• [Prompt]
Write out each line from the data below that includes the word "lights".

(Records from a collection)

--------------------------------

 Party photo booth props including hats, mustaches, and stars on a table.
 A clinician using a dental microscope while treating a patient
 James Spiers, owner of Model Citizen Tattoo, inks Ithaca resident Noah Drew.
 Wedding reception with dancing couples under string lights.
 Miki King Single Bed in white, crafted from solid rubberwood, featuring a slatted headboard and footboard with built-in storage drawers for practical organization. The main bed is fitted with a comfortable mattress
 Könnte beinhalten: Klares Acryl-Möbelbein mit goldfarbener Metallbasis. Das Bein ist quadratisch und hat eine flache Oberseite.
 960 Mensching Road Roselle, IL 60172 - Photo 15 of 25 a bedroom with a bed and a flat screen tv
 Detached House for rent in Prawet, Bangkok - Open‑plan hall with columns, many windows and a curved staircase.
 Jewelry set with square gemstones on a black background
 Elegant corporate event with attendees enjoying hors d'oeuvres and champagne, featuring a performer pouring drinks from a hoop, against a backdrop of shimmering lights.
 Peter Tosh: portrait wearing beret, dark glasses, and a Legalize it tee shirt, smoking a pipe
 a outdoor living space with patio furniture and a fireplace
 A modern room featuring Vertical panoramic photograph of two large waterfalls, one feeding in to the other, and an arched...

--------------------------------

• [Result of the task]
 Wedding reception with dancing couples under string lights.
 Elegant corporate event with attendees enjoying hors d'oeuvres and champagne, featuring a performer pouring drinks from a hoop, against a backdrop of shimmering lights.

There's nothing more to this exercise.